*Assigned task:* All of the data is to be written out again exactly, without the pictures.

[Start of section]

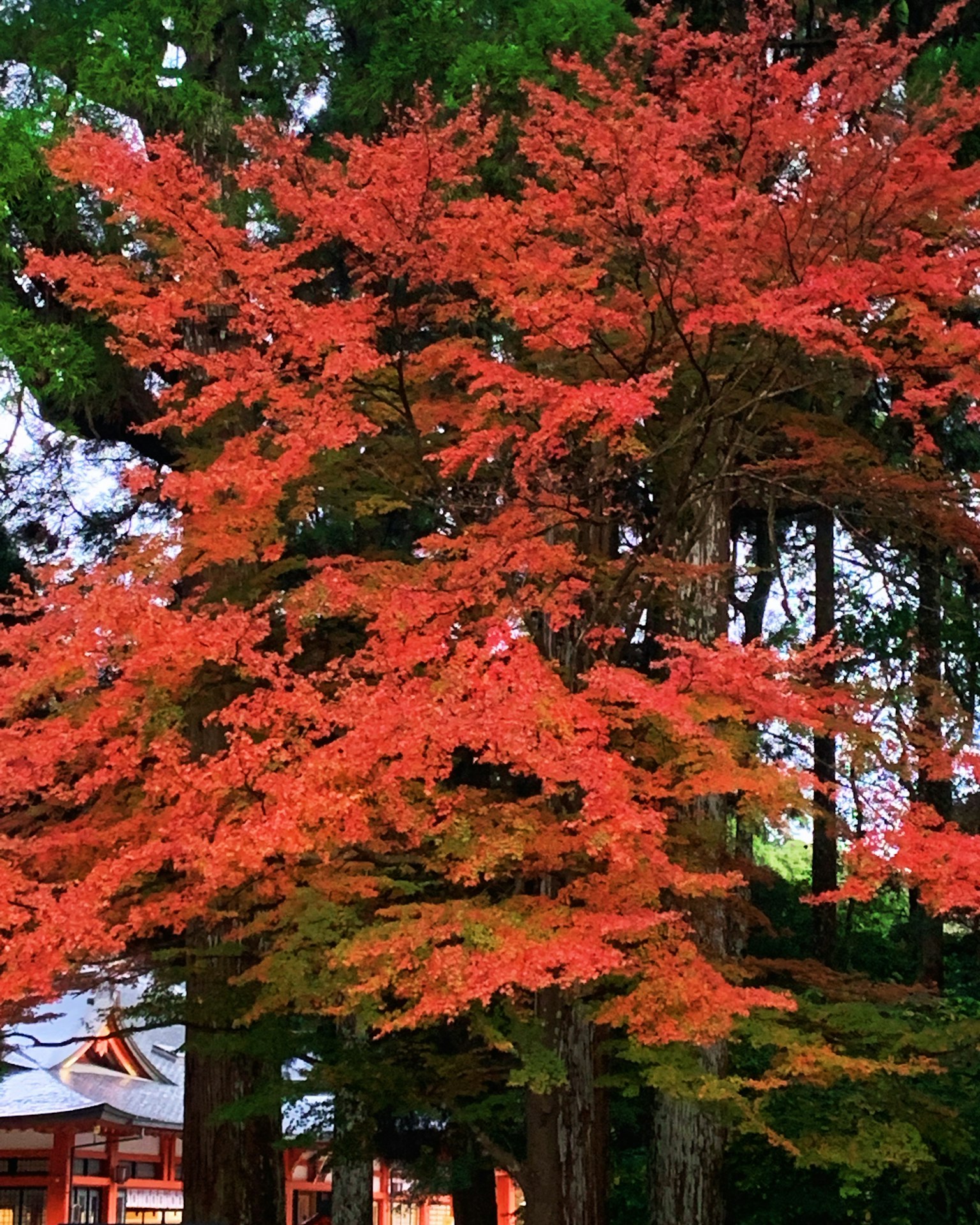 Daun maple merah cerah dengan latar belakang hijau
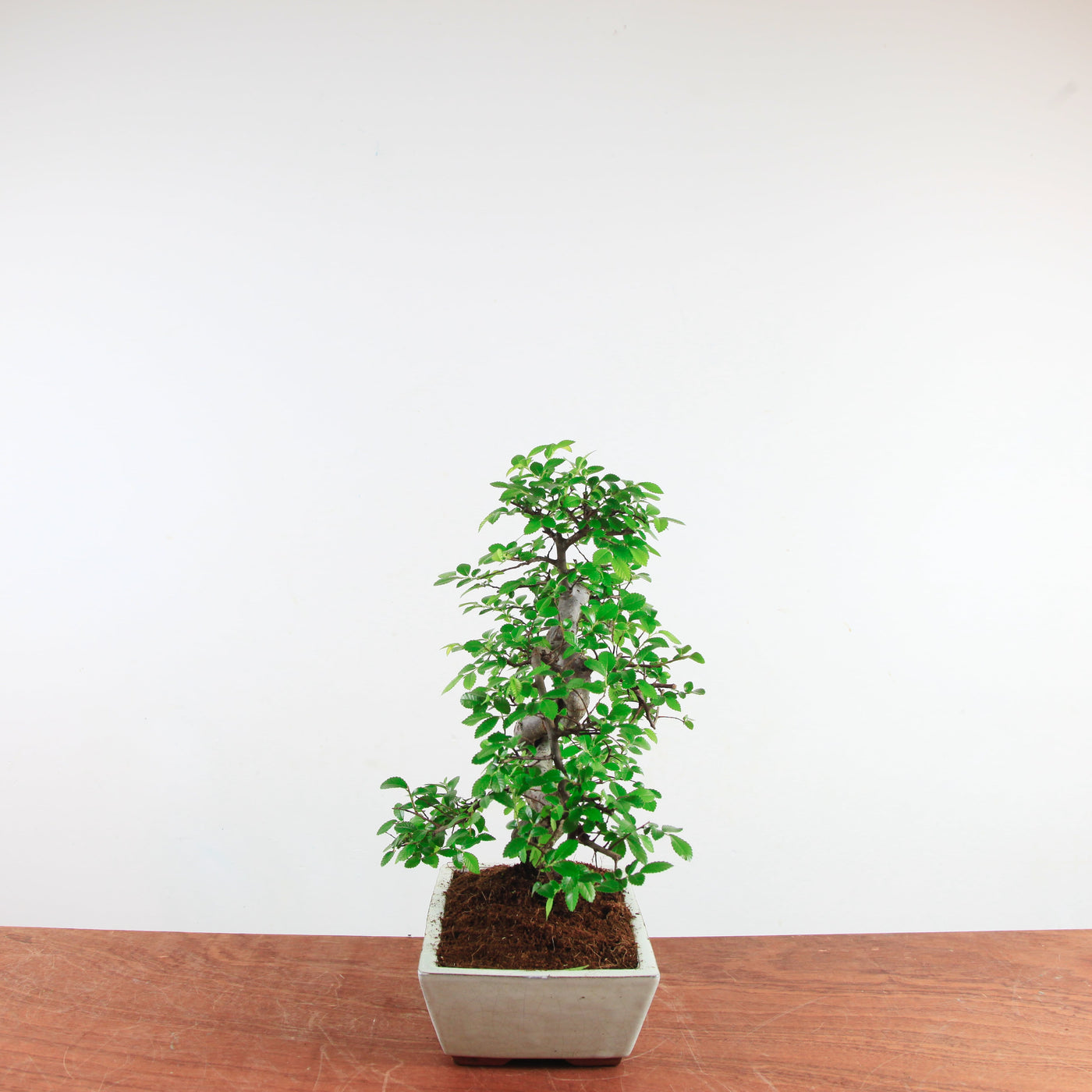 Bonsai Ulmus Parvifolia 'Chinese iep'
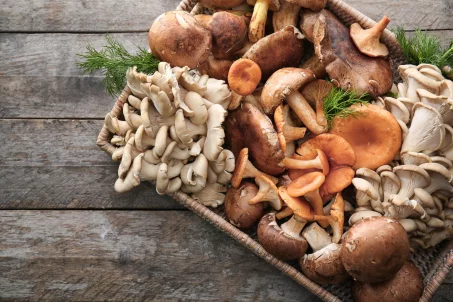 Les champignons et leurs bénéfices minceur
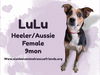 adoptable Dog in , AK named Lulu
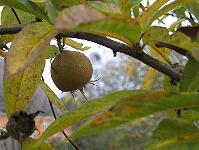 27-11-05canon_017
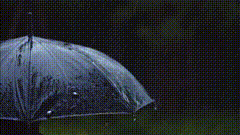 雨落下的声音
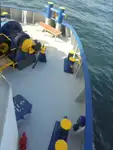 Kühlschiff zu verkaufen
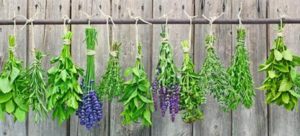 Herbs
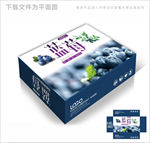 有机蓝莓包装箱包装礼盒设计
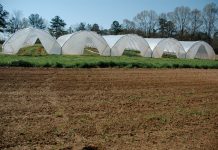 Does growing off-season crops in tunnels makes for a good business?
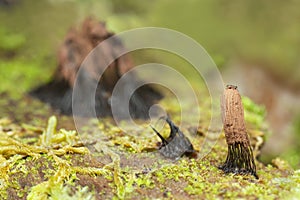 Slime mould growing on wood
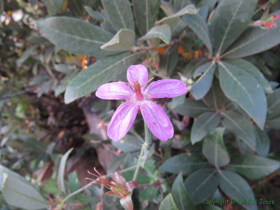 A Pineywoods Geranium (Geranium caespitosum) on AZT Passage 12.
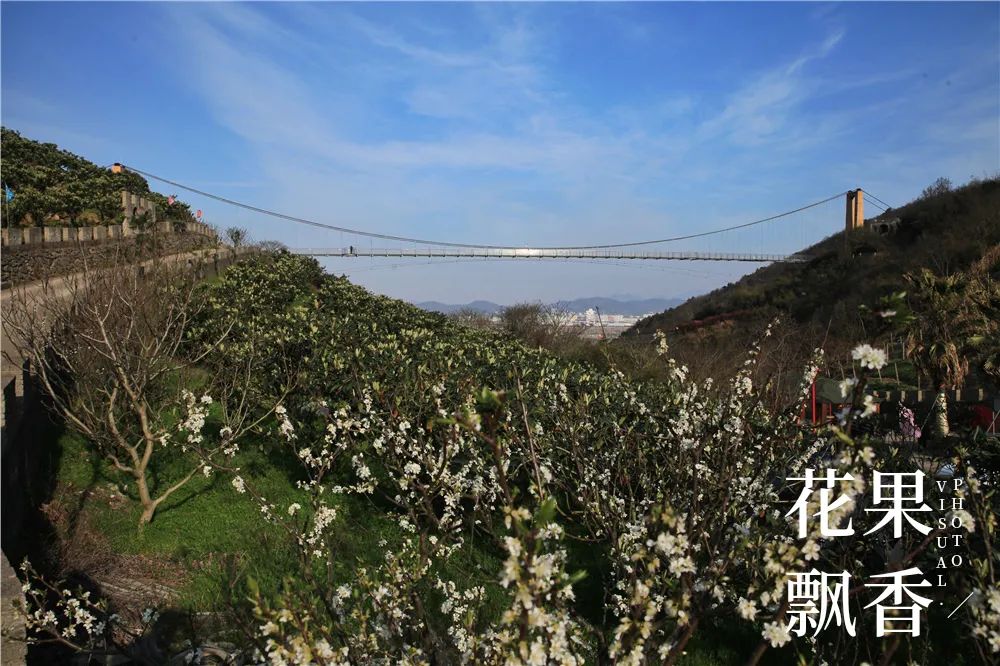 一位女村官的故事,一个农村姑娘的创业史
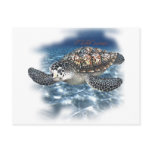 Beautifull SeaTurtle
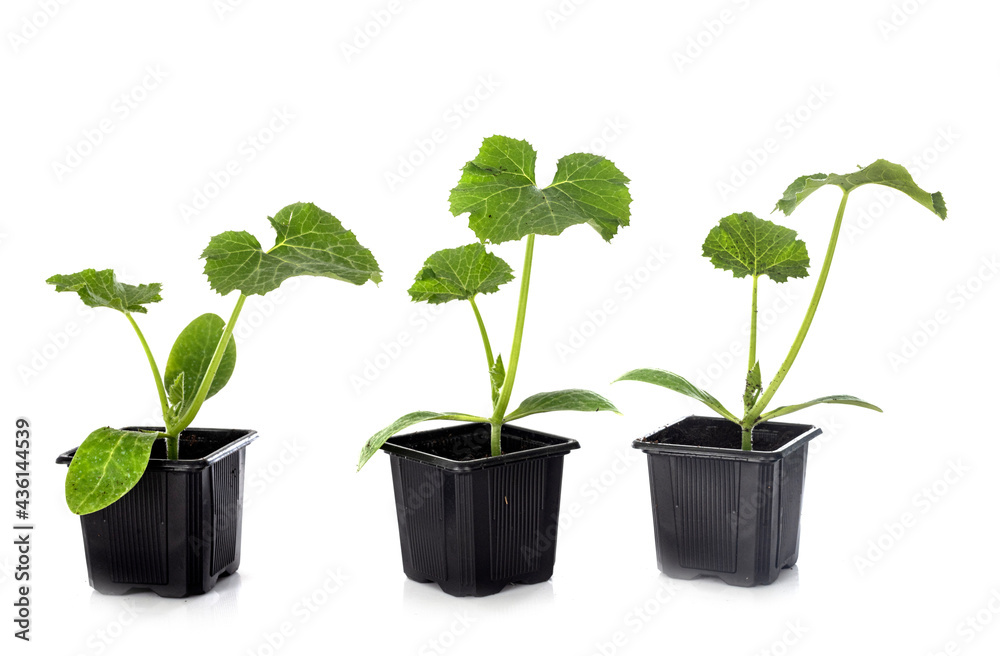 plant of Zucchini plant of Zucchini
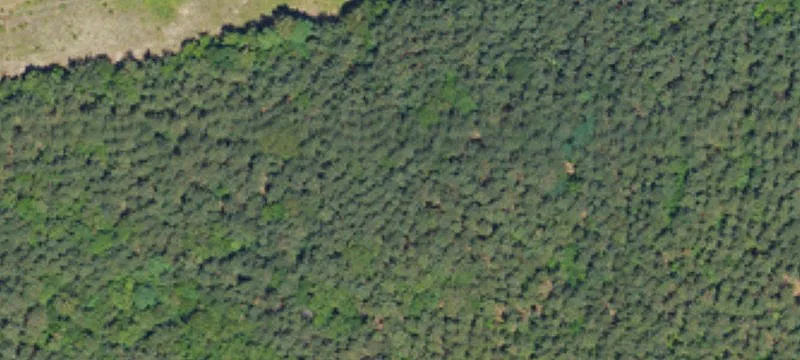 10747 Mt Holly Hntrsvlle Rd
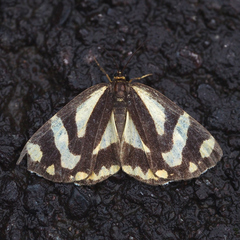 Psychostrophia melanargia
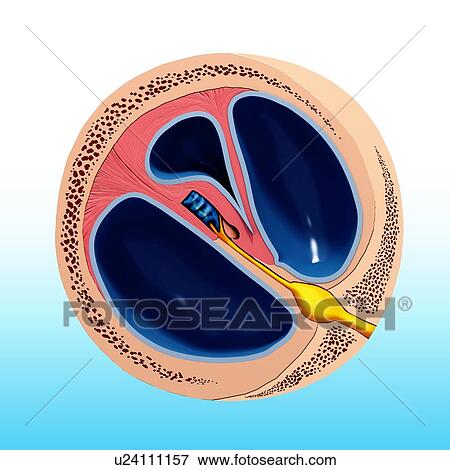 Stock Illustration - Human ear anatomy, artwork. Fotosearch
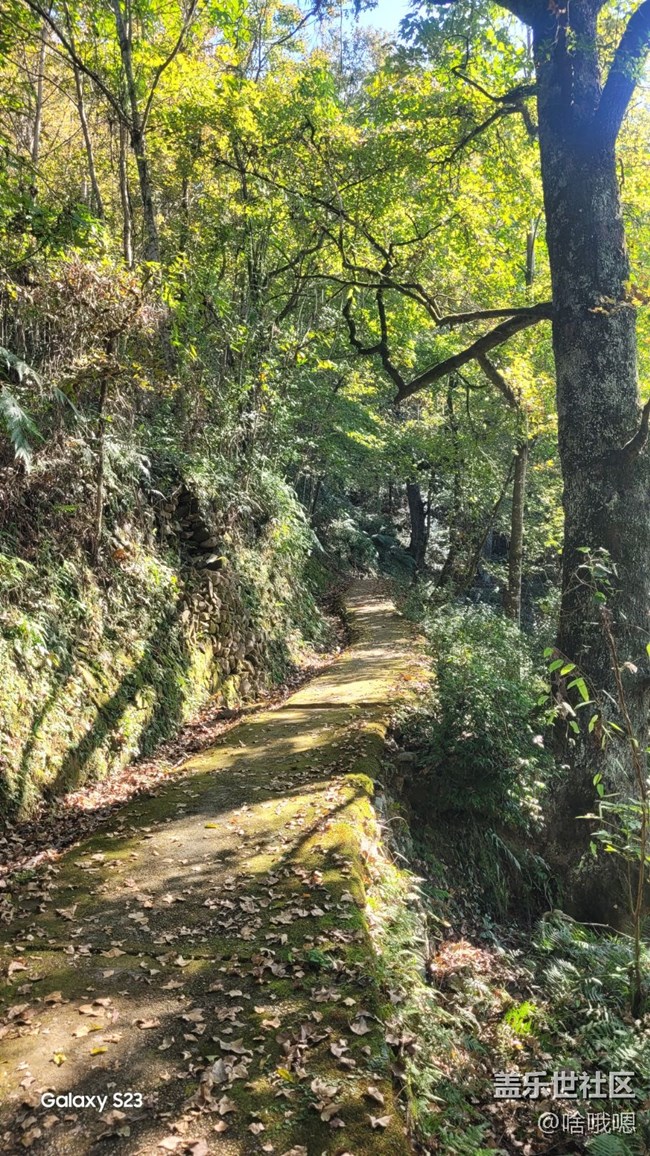 【鵬城尋冬記】爬山賞秋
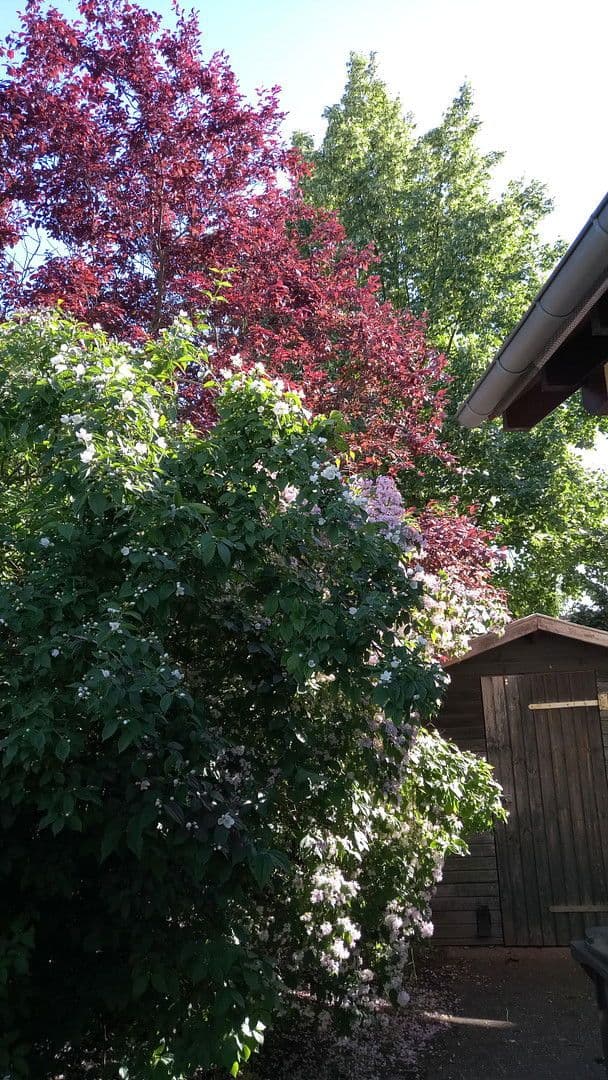 Predaj domu 137 m², pozemek 504 m², Brieselang, Brandenbursko Predaj domu 137 m², pozemek 504 m², Brieselang, Brandenbursko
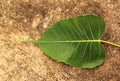 Green Bodhi Leaf Royalty Free Stock Photo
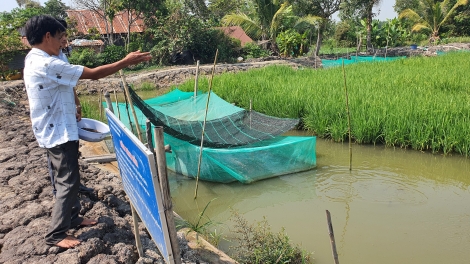 Nuôi cá trên ruộng lúa hiệu quả, nhưng vẫn lo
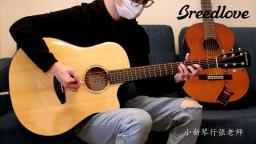【昆明小新琴行】美国贝朗Breedlove电箱吉他！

[End of section]

*Exercise solution:*
 Daun maple merah cerah dengan latar belakang hijau
 Bonsai Ulmus Parvifolia 'Chinese iep'
 Les champignons et leurs bénéfices minceur
 adoptable Dog in , AK named Lulu
 27-11-05canon_017
 雨落下的声音
 Kühlschiff zu verkaufen
 Herbs
 有机蓝莓包装箱包装礼盒设计
 Does growing off-season crops in tunnels makes for a good business?
 Slime mould growing on wood
 A Pineywoods Geranium (Geranium caespitosum) on AZT Passage 12.
 一位女村官的故事,一个农村姑娘的创业史
 Beautifull SeaTurtle
 plant of Zucchini plant of Zucchini
 10747 Mt Holly Hntrsvlle Rd
 Psychostrophia melanargia
 Stock Illustration - Human ear anatomy, artwork. Fotosearch
 【鵬城尋冬記】爬山賞秋
 Predaj domu 137 m², pozemek 504 m², Brieselang, Brandenbursko Predaj domu 137 m², pozemek 504 m², Brieselang, Brandenbursko
 Green Bodhi Leaf Royalty Free Stock Photo
 Nuôi cá trên ruộng lúa hiệu quả, nhưng vẫn lo
【昆明小新琴行】美国贝朗Breedlove电箱吉他！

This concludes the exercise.